Open data des décisions judiciaires et administratives : des avancées mais encore des zones floues

Le 30 juin a été publié au J.O. le décret de mise à disposition du public des décisions judiciaires et administratives. Soit près de quatre ans après la loi « pour une République numérique » annonçant l’open data de ces décisions. Mais il faudra des arrêtés et des circulaires pour y voir plus clair.

Par Christiane Féral-Schuhl*, avocate associée, cabinet Féral-Schuhl/Sainte-Marie

La loi « pour une République numérique » du 16 octobre 2016, en annonçant l’open data des décisions de justice (1), marquait une étape décisive dans le processus de l’accès au droit pour tous. Mais il aura fallu attendre la loi « de programmation 2018-2022 et de réforme pour la justice » du 23 mars 2019 pour rouvrir le dossier de l’open data des décisions judiciaires (2). Et encore une année de plus pour que le décret pour « la mise à la disposition du public des décisions des juridictions judiciaires et administratives » du 29 juin 2020 soit publié.

Occulter les données ou pas, c’est selon
Ce décret de mise à la disposition du public, sur Internet, des décisions judiciaires et administratives apporte quelques précisions complémentaires.

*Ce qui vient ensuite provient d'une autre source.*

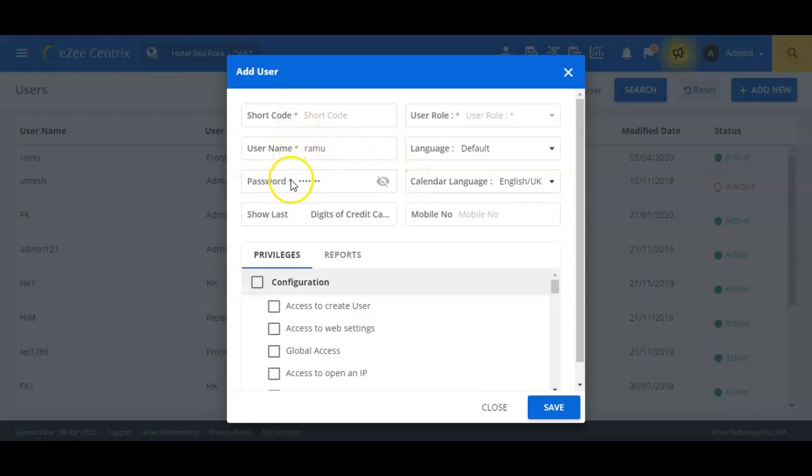Let us create a user named manager. In the Shortcode field, we will enter a shortcode for the user. Let us enter MNG here as a shortcode for the manager user.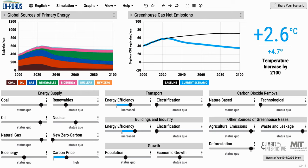Our team at Climate Interactive and MIT Sloan built En-ROADS with the best available climate science and energy, land use, and agricultural economics, with data from the IEA, the EIA, the IPCC, and comparing our results against the suite of large integrated assessment models, or IAMs, from research laboratories around the world.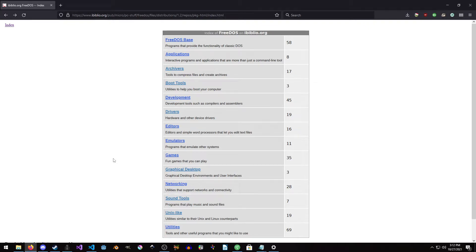Hello everyone, my name is Raven, and welcome to Raven67854Gaming, and welcome to setting up C inside of FreeDOS. This video will work if you have it on a physical machine or if you're using DOSBox — either is fine.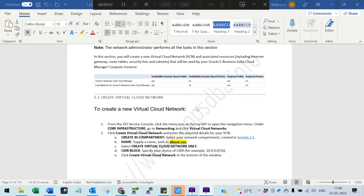In the previous session, we created the compartments, the groups, the policies, and the users. We assigned the groups to the particular policies. In this particular session, we are going to create a VCN, the subnets, the gateways required, the route tables, the security list, ingress rules, and egress rules.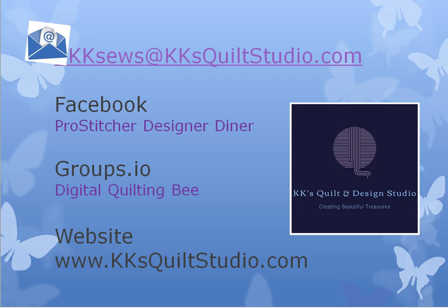And don't forget, if you don't belong to Facebook, there's always the message board under groups.io. That's groups.io. That is the web address, not .com, .org, or anything else. And look for the digital quilting bee. Now I spelled it out here with spaces, but it is all together, no spaces. Look for, do the search for digital quilting bee. And you can always go to my website to learn about any of my paid classes at kksquiltstudio.com.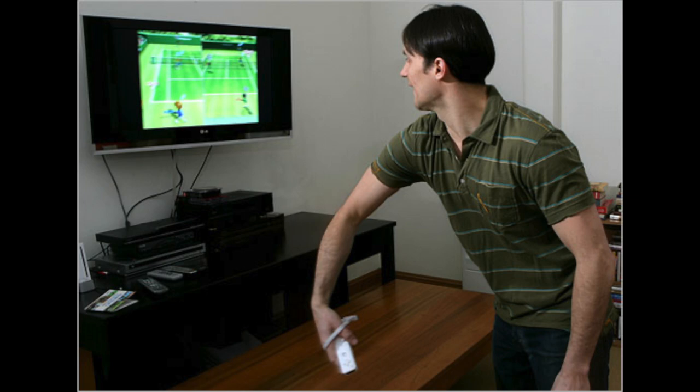I got hooked on Wii. I got hooked on Wii.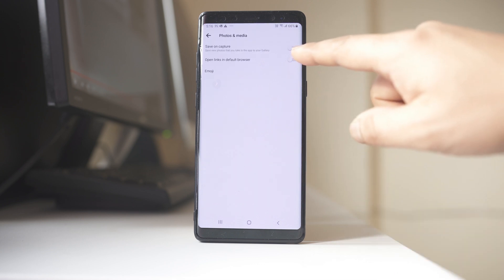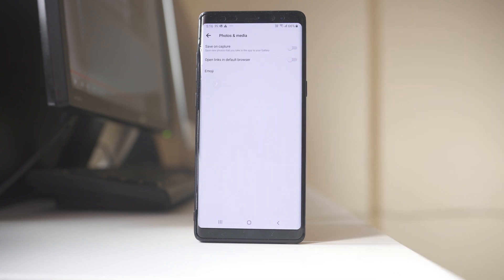Now you have the option here: Save on Capture — save new photos that you take in the app to your gallery. Right now it is disabled.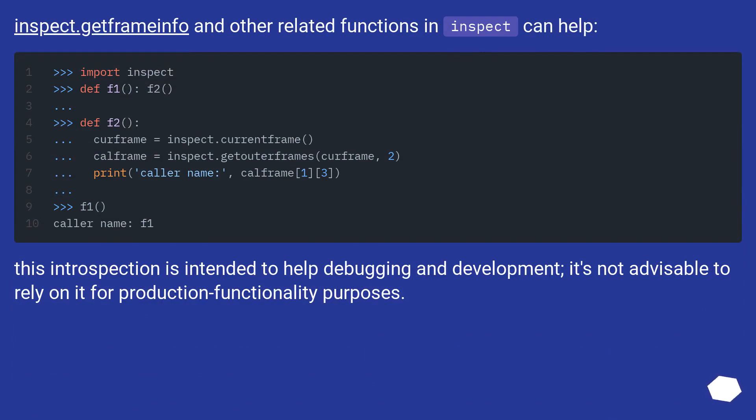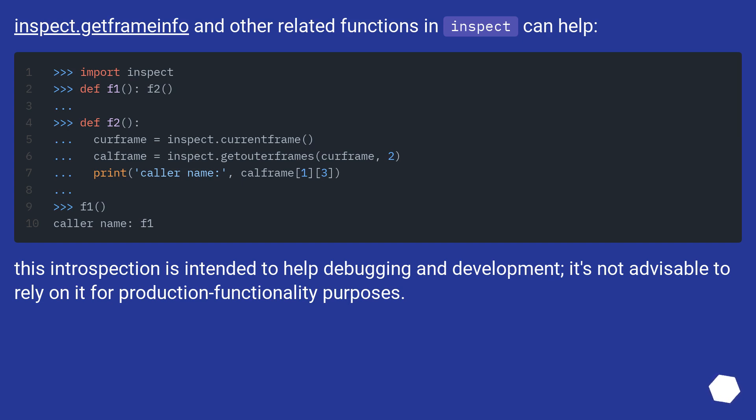inspect.GetFrameInfo and other related functions in inspect can help. This introspection is intended to help debugging and development. It's not advisable to rely on it for production functionality purposes.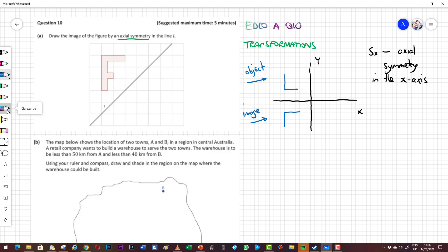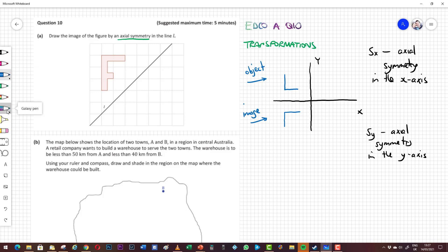What would axial symmetry in the Y axis look like? Let's write down SY — axial symmetry in the Y axis. We're going to imagine that Y is like a mirror and we're looking for the reflection of the letter L through that line Y. If we fold a page along the line Y, the reflection of L would be out here and would look like a backwards L. So that's axial symmetry through the horizontal line X and the vertical line Y.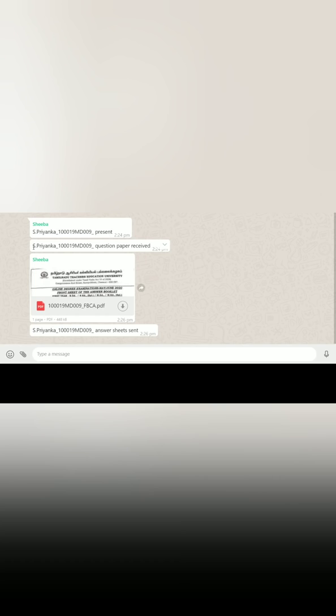The format for giving attendance is your name underscore your register number underscore present. After receiving the question paper, please send a message with your name underscore register number underscore question paper received.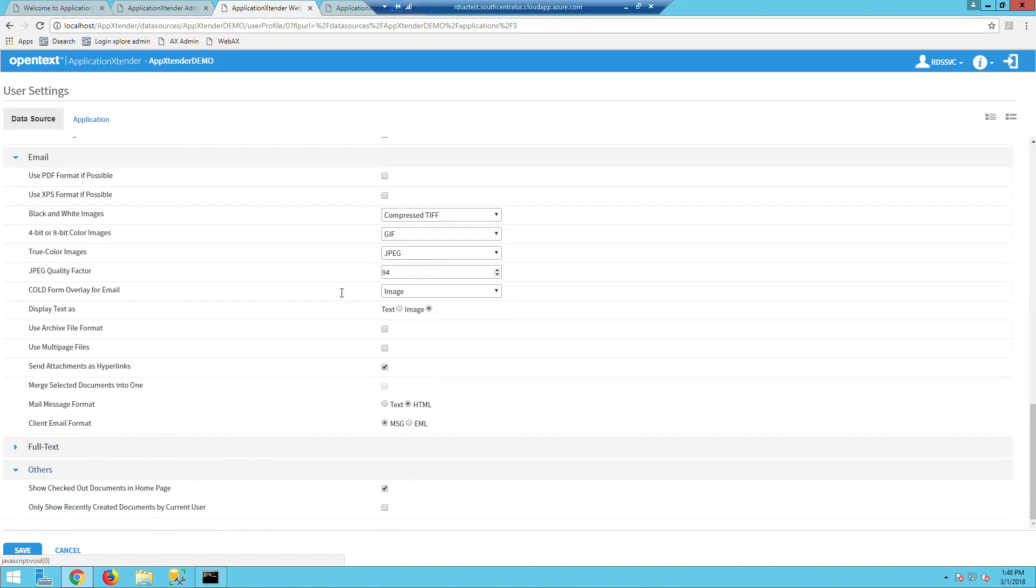So last but not least, you can enable the post-login pages that display the user's recently viewed documents. However, the audit trail must be enabled in order to use this feature. In the audit trail, the page audit must be enabled.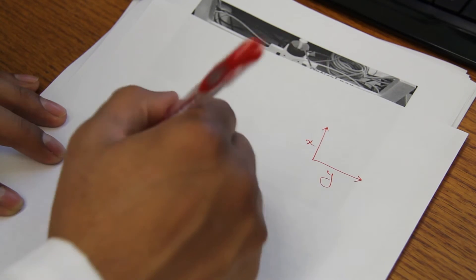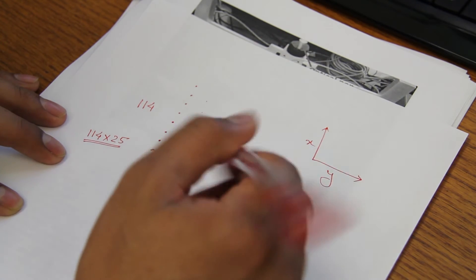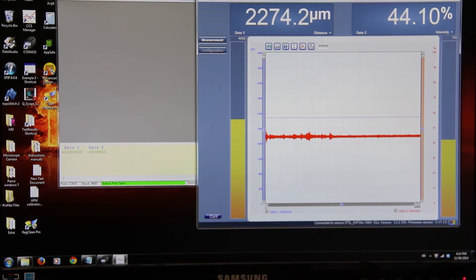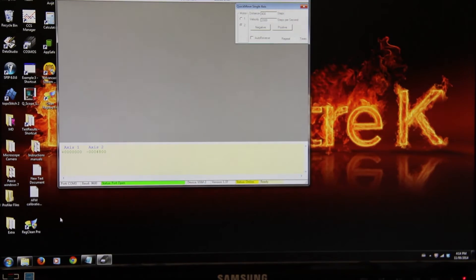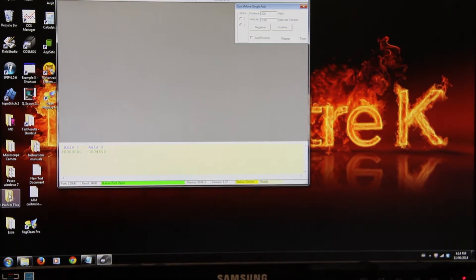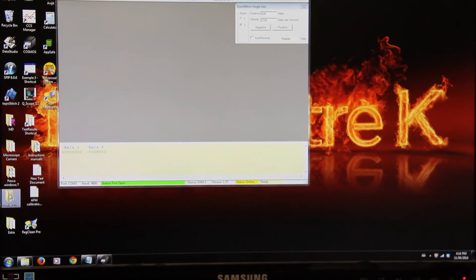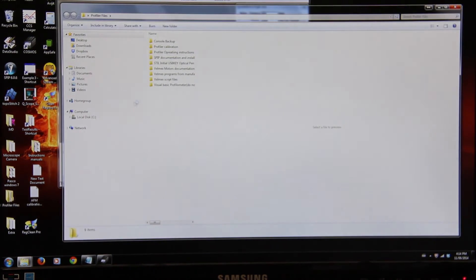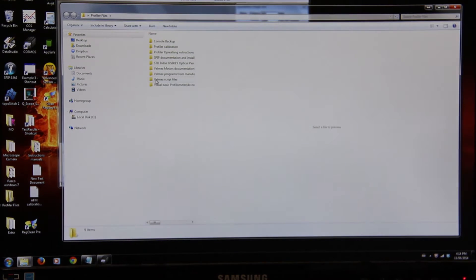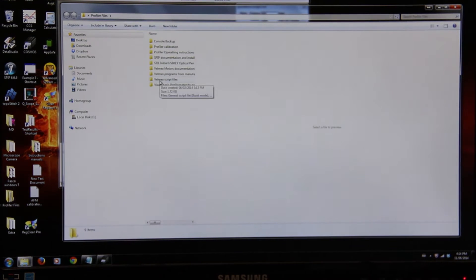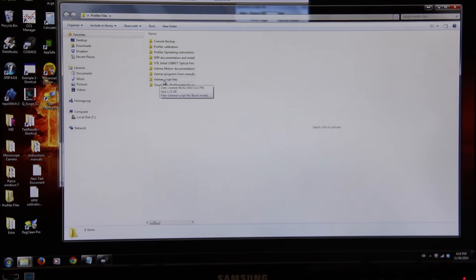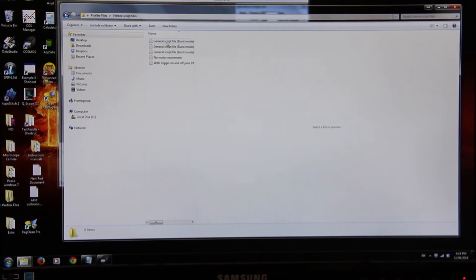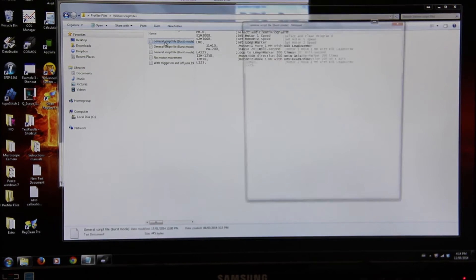Close CCS manager from the next step. Go to program files, Velmex script files. Open general script file.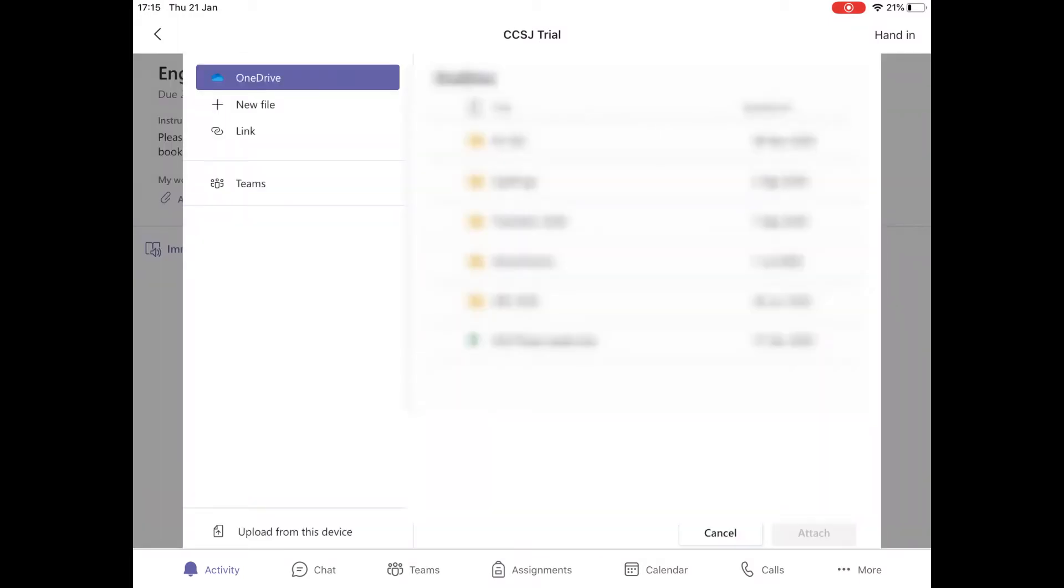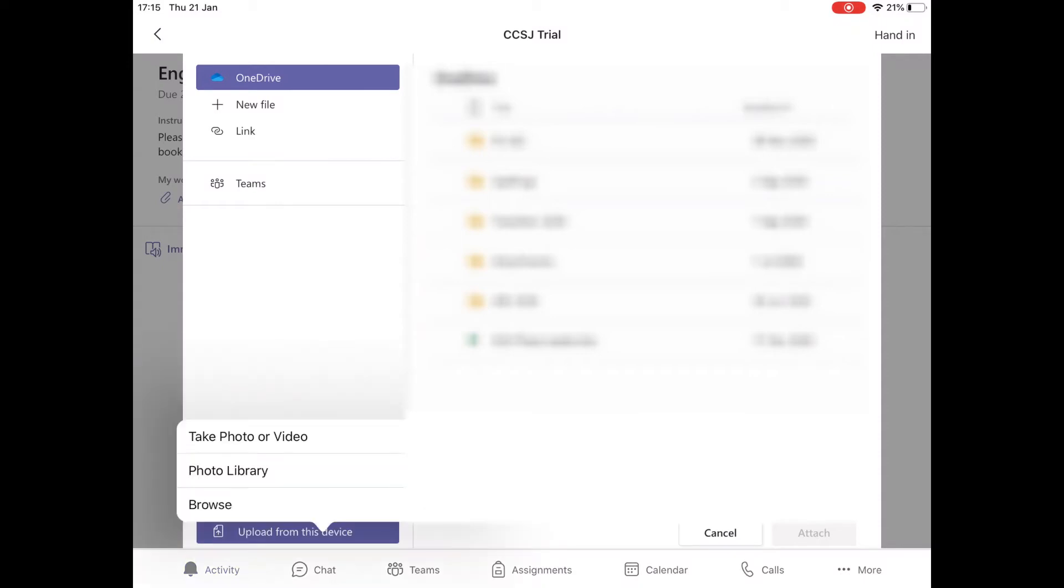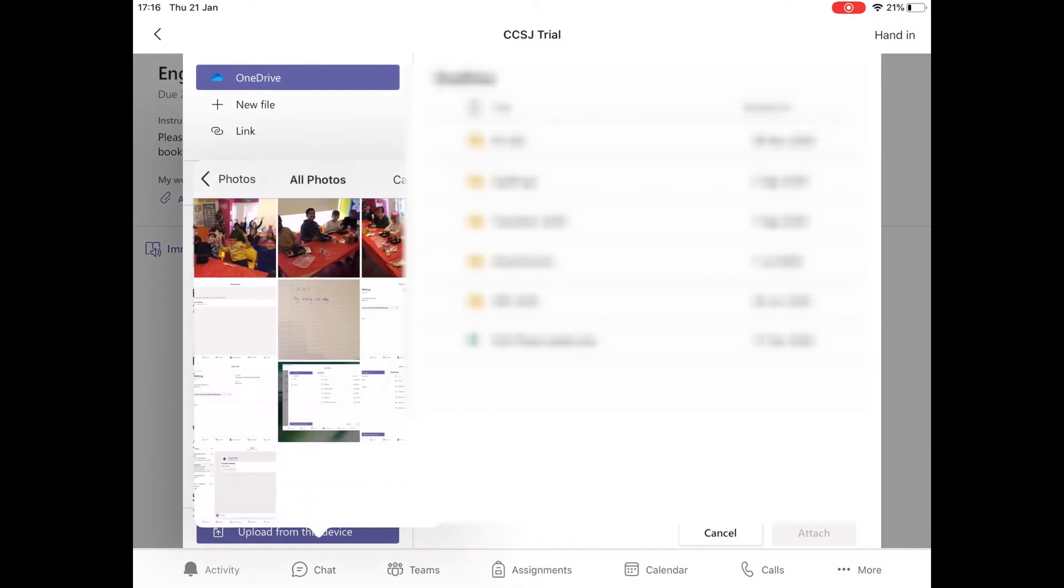This will open up a new page where you can either upload a file if you are on a computer, or if you are on an iPad or phone you can click upload from this device. Then you can choose to take a photo of your work or to upload a photo that you have already taken from the photo library.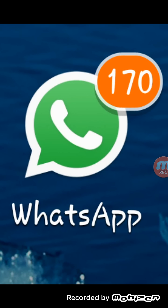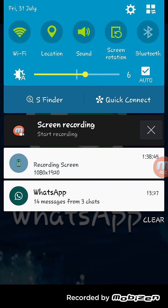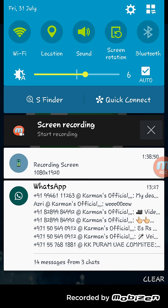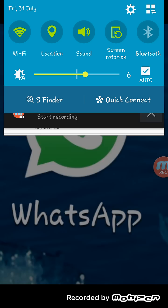Hi guys, today in this video I'm going to demonstrate how to turn off WhatsApp notifications. In the last one hour I got all these notifications — if those are irritating you, you can stop them.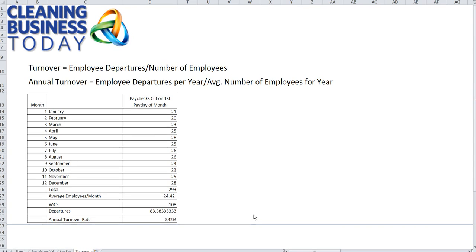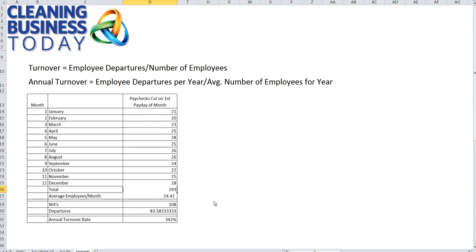Your first step would be to go back over the last 12-month period, last calendar year, and figure out how many employees you carried each month. One way of doing that is just to take a particular payday each month, say the first Friday of the month or the first pay period of the month, and count the number of paychecks that went out. That's what we did in this example, and for each month we recorded that number, coming up with a total of 293 divided by 12, giving us an average of 24.42 employees per month — the average number of employees carried for that year.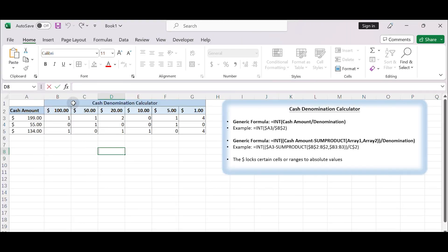Hello everyone and welcome to my channel. In today's video, we will learn how to create a cash denomination calculator in Excel.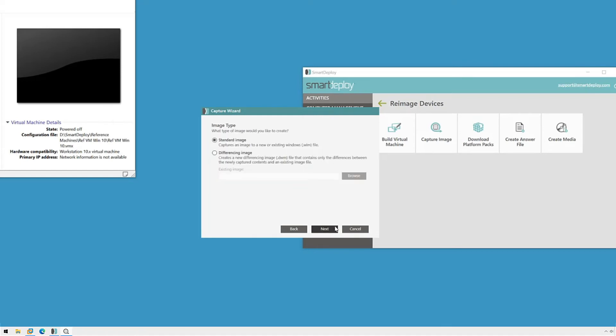The next choice to make is to create a standard image or a differencing image. A differencing image can leverage data in an existing image file to save on space. Most of the time, especially when first getting started, you'll be selecting standard image. I find that it's easier to manage my images this way, and it makes deployment a little simpler as well.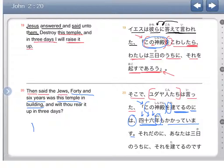Kakate imasu — from kakaru, meaning to take. This is the te-imasu continuing form of the verb, so it's been taking. Although it's been taking forty-six years to build this temple.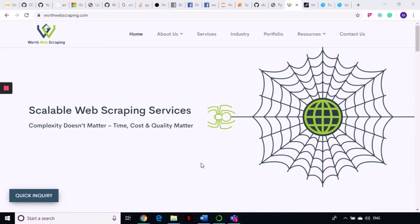Hello to our techy friends in Somalia and hello to everyone. This is our next tutorial in our series on web scraping using Python. I am Scrappy and this is WordWebScraping.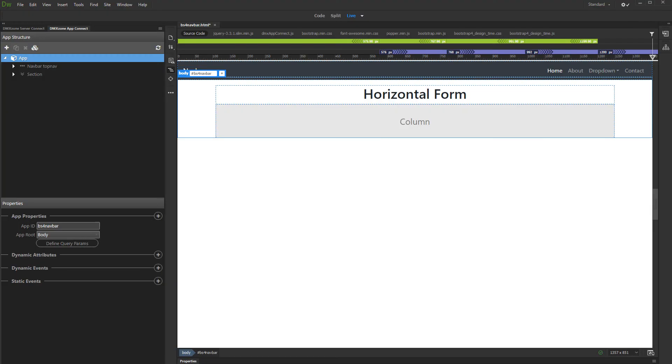In this tutorial we will show you how to create horizontal forms. Labels and inputs of horizontal forms are laid out on one line, label on the left, input on the right. You can set up the widths of both.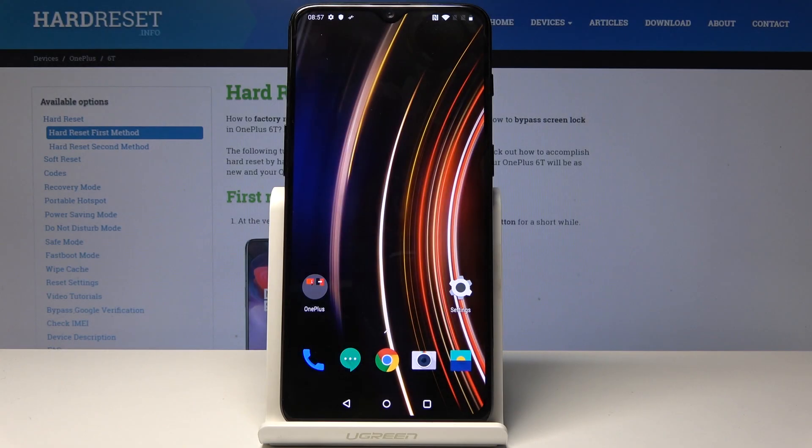Here I've got a OnePlus 6 and let me show you how to allow installation of apps from unknown sources on the following device.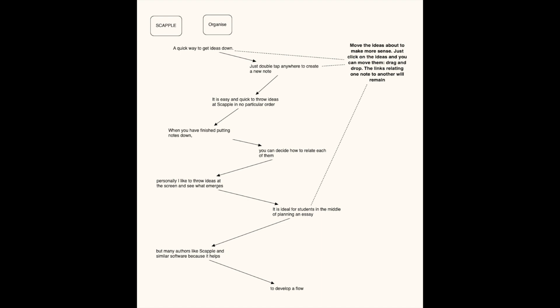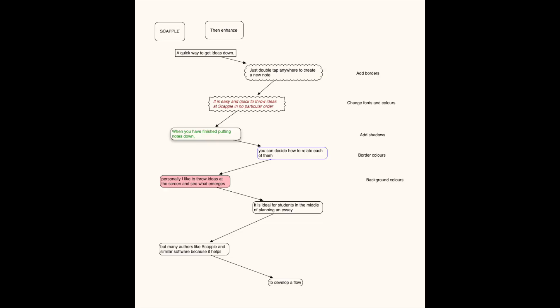You can also stack ideas in groups. You can box them — you can do anything you want with them. You can put cloud symbols around boxes, you can have jagged edges, you can have rounded corners on rectangles. You can change the fonts and the colours, add shadows, have bordered colours, have background colours. It really is as flexible as you want it to be.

Pour autant, dans sa formule « a minima », le dispositif prête à beaucoup d’interrogations et laisse de grandes zones d’ombres. En attendant les arrêtés et circulaires à suivre, un point d’étape s’impose. S’agissant tout d’abord de la responsabilité de la collecte et de la diffusion des décisions de justice sous format électronique, celle-ci est confiée respectivement à la Cour de cassation pour les décisions de l’ordre judiciaire, et au Conseil d’Etat pour les décisions de l’ordre administratif. C’est une bonne chose et cela est conforme au souhait exprimé par le Conseil national des barreaux (CNB) dans une déclaration signée avec la Cour de cassation en juin 2019 et avec le Conseil d’Etat en juin 2020. En effet, cette règle devrait mettre un terme à la délivrance « sauvage » des copies aux tiers qui a permis à certains de constituer un fonds documentaire, dans le cadre d’accords bilatéraux avec certains greffes.
Désormais, la délivrance des copies aux tiers ne pourra concerner que des décisions « précisément identifiées » (3). Pour les décisions de l’ordre judiciaire, le refus de délivrance ou le silence gardé pendant deux mois pourra donner lieu à un recours gracieux devant le président de la juridiction. Enfin, le greffier devra occulter les éléments permettant l’identification des personnes physiques de nature à porter atteinte à leur sécurité ou au respect de la vie privée des personnes ou celles de leur entourage, précision donnée que cette occultation sera automatique lorsqu’elle a été faite pour la mise à disposition du public. Le recours contre cette décision sera possible, par requête présentée par un avocat, devant le président de la juridiction auprès de laquelle le greffier exerce ses fonctions. Le président statuera par ordonnance, le demandeur et les personnes physiques, parties ou tiers, mentionnées dans la décision, si possible entendus ou appelés. En revanche, les questions relatives à l’exhaustivité et l’intégrité de la base de données demeurent entières alors que les résultats d’une recherche peuvent être différents selon la constitution de la base de données. Imaginons un instant que les décisions collectées soient toutes du Nord de la France sans tenir compte des jurisprudences d’autres régions.
S’agissant ensuite de l’occultation des données à caractère personnel, l’objectif consiste à trouver le juste équilibre entre le droit à l’information du public et le droit au respect de la vie privée des personnes concernées par les décisions de justice. La loi du 23 mars 2019 a prévu que les noms et prénoms des personnes physiques, parties ou tiers à l’affaire, seraient systématiquement anonymisés (4). Quant aux autres éléments identifiants, ils devront être occultés par le juge lorsque leur « divulgation est de nature à porter atteinte à la sécurité ou au respect de la vie privée de ces personnes ou de leur entourage ». La décision d’occultation peut également porter sur tout élément de la décision dont la divulgation est susceptible de « porter atteinte aux intérêts fondamentaux de la Nation » (5).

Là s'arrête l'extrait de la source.